**Source data:**
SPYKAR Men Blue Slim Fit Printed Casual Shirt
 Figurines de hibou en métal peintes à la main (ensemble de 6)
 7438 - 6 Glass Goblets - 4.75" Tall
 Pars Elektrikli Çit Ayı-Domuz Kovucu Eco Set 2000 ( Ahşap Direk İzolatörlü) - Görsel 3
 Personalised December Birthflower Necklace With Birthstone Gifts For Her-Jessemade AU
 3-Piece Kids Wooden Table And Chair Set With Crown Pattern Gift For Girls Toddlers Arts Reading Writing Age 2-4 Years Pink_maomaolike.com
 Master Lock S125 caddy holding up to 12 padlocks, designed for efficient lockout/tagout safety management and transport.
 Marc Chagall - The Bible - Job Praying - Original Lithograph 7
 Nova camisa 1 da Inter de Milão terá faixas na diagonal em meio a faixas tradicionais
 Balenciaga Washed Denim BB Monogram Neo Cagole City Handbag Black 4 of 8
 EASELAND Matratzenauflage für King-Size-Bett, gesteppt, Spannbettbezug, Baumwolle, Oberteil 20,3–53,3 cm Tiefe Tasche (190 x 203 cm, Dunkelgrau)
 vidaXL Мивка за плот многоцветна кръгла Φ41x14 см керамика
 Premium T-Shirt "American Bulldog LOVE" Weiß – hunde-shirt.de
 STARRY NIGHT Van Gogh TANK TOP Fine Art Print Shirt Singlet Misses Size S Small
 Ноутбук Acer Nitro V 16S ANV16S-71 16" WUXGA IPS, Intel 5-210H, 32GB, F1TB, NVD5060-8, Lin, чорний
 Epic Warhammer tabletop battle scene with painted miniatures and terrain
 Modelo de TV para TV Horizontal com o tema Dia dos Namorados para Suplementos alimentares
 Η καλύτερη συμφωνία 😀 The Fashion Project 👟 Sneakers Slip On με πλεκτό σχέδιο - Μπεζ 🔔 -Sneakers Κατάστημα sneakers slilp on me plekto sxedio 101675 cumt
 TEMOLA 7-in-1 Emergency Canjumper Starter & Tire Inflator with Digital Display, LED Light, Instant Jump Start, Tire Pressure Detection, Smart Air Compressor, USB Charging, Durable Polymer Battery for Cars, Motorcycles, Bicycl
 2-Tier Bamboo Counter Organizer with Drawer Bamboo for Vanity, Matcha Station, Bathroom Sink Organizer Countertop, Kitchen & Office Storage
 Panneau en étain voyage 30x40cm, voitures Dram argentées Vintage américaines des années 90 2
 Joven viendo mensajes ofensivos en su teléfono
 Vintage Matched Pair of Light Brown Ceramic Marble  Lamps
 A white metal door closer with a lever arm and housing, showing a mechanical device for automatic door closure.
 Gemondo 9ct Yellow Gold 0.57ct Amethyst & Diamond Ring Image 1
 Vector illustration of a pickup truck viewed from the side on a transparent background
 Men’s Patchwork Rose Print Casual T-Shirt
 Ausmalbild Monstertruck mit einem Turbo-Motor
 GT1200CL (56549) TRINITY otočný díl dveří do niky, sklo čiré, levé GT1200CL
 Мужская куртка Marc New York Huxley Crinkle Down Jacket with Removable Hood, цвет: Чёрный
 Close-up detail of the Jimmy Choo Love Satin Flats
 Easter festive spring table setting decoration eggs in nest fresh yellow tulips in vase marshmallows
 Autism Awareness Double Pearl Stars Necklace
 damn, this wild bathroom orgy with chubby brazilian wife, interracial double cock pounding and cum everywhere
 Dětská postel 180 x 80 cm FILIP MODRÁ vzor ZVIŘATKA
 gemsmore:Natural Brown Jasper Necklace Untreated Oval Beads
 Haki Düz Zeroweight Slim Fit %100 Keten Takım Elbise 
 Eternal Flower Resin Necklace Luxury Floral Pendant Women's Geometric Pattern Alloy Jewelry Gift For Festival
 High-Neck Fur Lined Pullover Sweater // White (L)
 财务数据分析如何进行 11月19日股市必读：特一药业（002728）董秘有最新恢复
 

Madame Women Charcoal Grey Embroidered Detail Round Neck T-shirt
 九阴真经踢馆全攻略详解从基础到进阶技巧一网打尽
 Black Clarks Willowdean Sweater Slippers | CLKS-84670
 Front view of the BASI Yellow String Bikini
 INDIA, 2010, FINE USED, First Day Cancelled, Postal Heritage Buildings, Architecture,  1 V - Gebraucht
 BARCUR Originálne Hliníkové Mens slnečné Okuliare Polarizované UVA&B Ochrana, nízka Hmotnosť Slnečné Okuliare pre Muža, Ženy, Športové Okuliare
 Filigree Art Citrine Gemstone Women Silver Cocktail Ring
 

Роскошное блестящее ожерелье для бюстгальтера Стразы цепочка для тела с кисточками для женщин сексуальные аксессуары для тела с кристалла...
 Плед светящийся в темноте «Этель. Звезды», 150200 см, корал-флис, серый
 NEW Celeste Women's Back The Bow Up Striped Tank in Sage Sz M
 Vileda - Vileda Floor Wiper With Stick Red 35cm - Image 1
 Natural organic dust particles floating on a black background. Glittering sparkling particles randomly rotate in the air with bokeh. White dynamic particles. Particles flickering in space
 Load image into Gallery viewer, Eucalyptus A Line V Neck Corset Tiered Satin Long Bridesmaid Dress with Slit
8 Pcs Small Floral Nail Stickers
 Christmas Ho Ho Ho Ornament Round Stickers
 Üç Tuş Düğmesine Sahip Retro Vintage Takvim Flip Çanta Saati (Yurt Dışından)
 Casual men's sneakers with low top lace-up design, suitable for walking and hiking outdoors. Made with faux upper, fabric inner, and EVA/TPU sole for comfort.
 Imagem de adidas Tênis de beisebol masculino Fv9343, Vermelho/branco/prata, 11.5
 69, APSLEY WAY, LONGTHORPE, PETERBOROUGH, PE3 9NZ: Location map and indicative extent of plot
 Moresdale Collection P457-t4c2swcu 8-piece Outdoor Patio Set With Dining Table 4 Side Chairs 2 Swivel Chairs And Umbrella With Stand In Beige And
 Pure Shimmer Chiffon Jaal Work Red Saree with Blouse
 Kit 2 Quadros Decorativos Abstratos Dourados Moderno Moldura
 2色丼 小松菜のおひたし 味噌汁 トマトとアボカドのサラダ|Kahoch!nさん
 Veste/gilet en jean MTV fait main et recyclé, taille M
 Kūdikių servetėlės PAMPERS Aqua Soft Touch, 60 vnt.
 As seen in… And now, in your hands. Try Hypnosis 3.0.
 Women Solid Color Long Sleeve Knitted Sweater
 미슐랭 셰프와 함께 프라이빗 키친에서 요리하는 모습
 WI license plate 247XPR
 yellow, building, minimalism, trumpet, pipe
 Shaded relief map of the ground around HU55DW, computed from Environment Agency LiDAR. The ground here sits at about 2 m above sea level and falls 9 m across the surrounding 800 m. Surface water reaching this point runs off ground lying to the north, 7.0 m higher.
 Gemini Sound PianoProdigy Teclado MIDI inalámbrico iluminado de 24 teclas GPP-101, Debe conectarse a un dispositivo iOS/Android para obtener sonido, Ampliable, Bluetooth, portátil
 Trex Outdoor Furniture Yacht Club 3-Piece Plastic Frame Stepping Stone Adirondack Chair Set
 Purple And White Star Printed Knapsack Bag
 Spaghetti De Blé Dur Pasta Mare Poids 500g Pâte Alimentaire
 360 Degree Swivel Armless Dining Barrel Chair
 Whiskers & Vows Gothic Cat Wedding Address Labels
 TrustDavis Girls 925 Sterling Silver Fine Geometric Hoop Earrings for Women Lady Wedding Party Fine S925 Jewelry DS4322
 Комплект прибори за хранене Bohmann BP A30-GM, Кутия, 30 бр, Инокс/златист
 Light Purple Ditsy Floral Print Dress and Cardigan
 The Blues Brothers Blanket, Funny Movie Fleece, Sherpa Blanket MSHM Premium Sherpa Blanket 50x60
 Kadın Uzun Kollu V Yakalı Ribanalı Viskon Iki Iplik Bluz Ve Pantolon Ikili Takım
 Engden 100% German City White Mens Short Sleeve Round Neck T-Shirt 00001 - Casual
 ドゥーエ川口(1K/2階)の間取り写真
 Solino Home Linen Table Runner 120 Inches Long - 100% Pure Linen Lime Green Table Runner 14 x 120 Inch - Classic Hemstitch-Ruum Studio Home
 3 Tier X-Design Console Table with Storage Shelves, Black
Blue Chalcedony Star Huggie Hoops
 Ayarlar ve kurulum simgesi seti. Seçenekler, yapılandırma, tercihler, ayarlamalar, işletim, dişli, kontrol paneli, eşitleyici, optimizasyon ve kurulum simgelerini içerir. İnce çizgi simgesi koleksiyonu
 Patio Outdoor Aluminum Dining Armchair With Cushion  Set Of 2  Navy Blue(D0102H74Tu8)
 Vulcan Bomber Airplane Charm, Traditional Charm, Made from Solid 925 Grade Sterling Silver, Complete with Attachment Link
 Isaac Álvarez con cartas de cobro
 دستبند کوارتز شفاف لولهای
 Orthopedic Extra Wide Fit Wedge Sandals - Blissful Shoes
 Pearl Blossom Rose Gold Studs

**Exercise brief:** All that is wanted is an exact copy of the lines above from the one with "STARRY NIGHT Van" through the one with "Η καλύτερη συμφωνία", with both ends included.

**Response below:**
 STARRY NIGHT Van Gogh TANK TOP Fine Art Print Shirt Singlet Misses Size S Small
 Ноутбук Acer Nitro V 16S ANV16S-71 16" WUXGA IPS, Intel 5-210H, 32GB, F1TB, NVD5060-8, Lin, чорний
 Epic Warhammer tabletop battle scene with painted miniatures and terrain
 Modelo de TV para TV Horizontal com o tema Dia dos Namorados para Suplementos alimentares
 Η καλύτερη συμφωνία 😀 The Fashion Project 👟 Sneakers Slip On με πλεκτό σχέδιο - Μπεζ 🔔 -Sneakers Κατάστημα sneakers slilp on me plekto sxedio 101675 cumt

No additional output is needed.